**Listed entries:**
<<<<

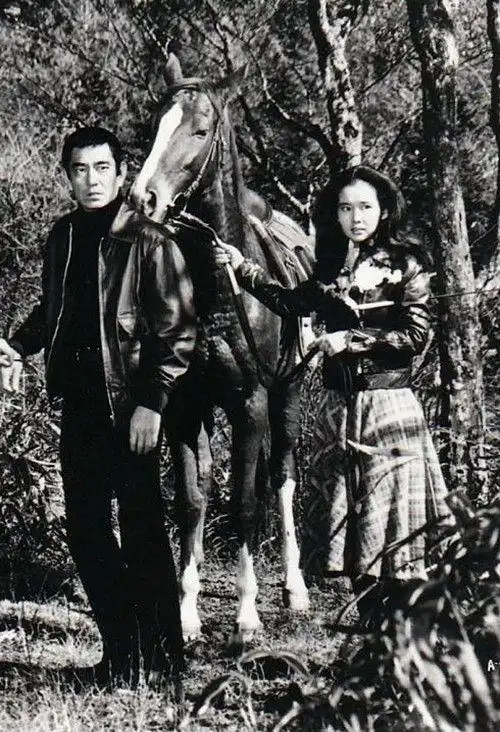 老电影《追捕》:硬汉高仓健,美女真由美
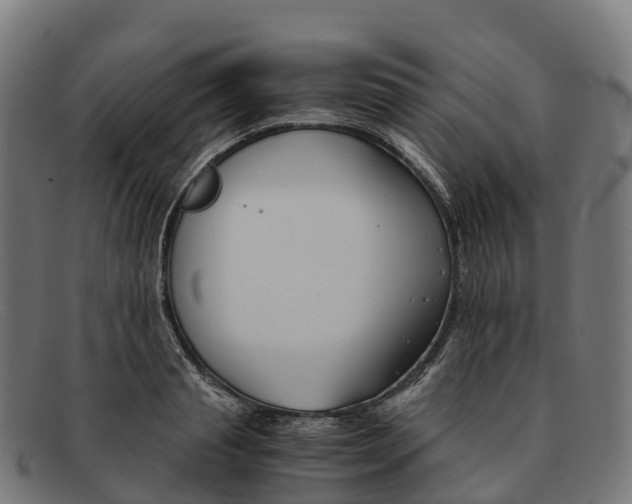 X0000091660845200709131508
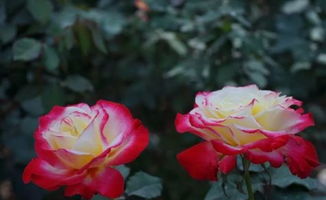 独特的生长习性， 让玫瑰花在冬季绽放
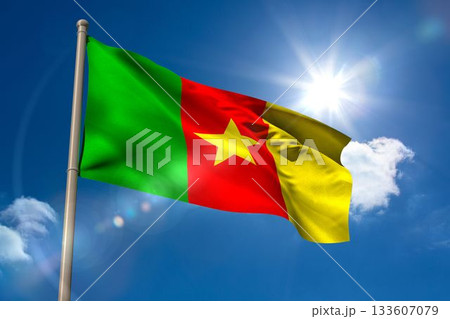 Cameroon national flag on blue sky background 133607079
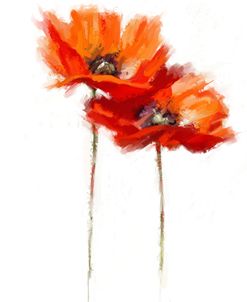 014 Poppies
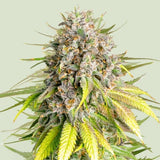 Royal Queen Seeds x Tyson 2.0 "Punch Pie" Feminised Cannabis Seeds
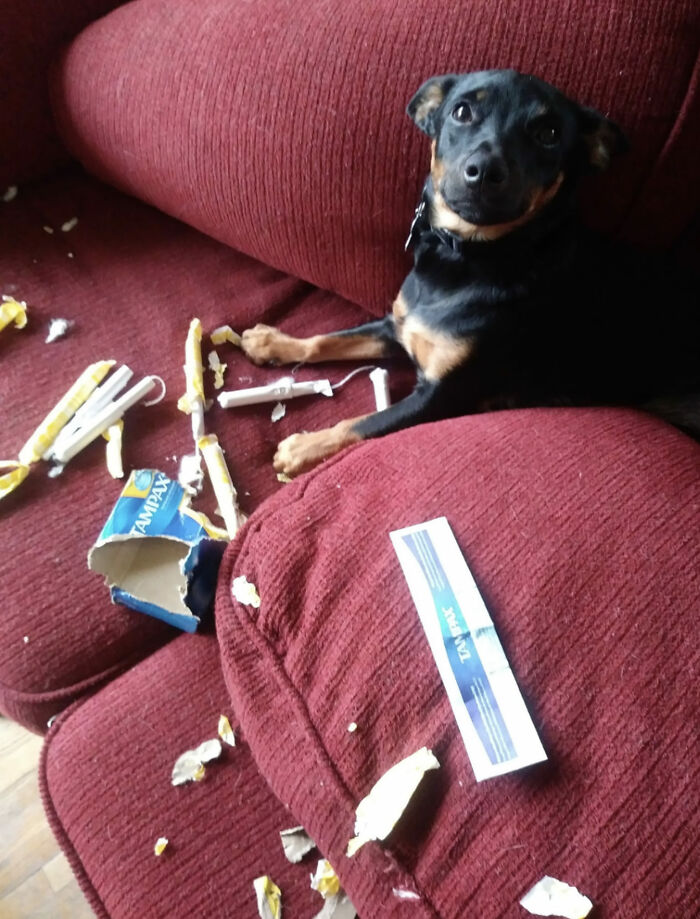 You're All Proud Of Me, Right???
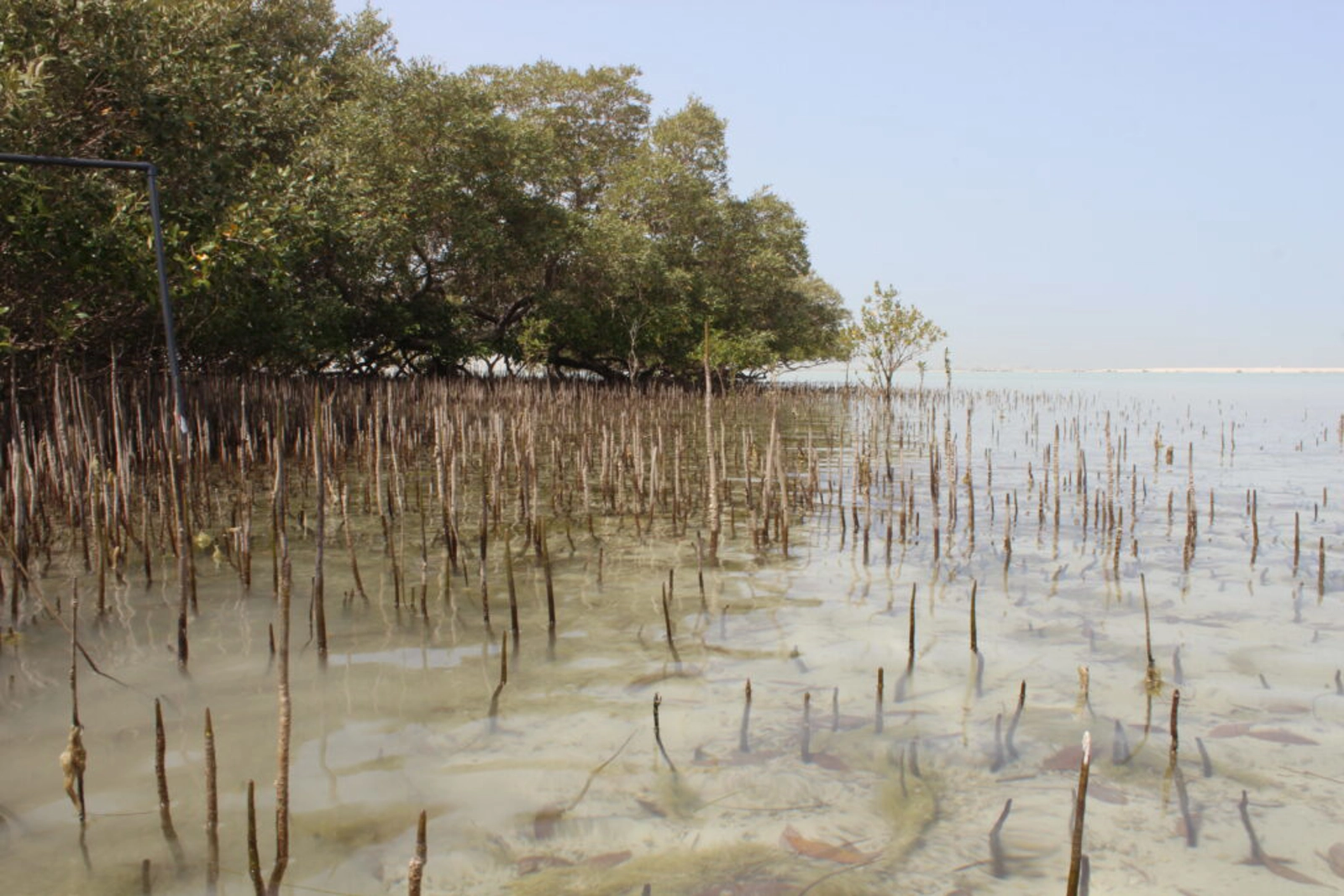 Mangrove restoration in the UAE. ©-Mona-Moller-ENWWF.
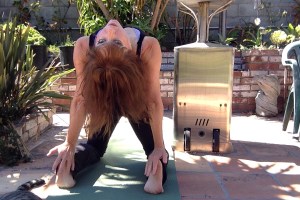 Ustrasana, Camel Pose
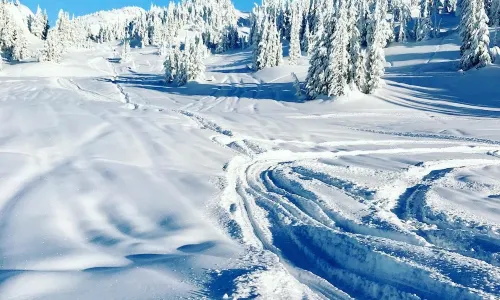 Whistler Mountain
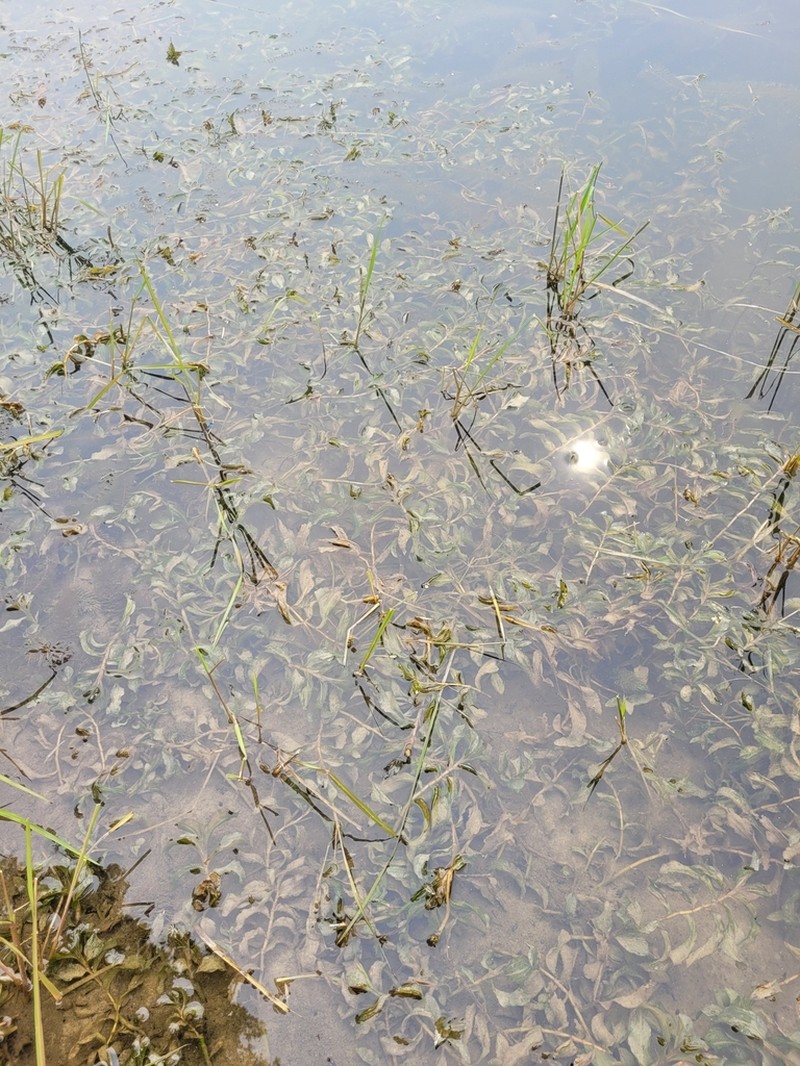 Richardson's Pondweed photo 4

>>>>

Apart from the pictures, repeat the data above exactly.

 老电影《追捕》:硬汉高仓健,美女真由美
 X0000091660845200709131508
 独特的生长习性， 让玫瑰花在冬季绽放
 Cameroon national flag on blue sky background 133607079
 014 Poppies
 Royal Queen Seeds x Tyson 2.0 "Punch Pie" Feminised Cannabis Seeds
 You're All Proud Of Me, Right???
 Mangrove restoration in the UAE. ©-Mona-Moller-ENWWF.
 Ustrasana, Camel Pose
 Whistler Mountain
 Richardson's Pondweed photo 4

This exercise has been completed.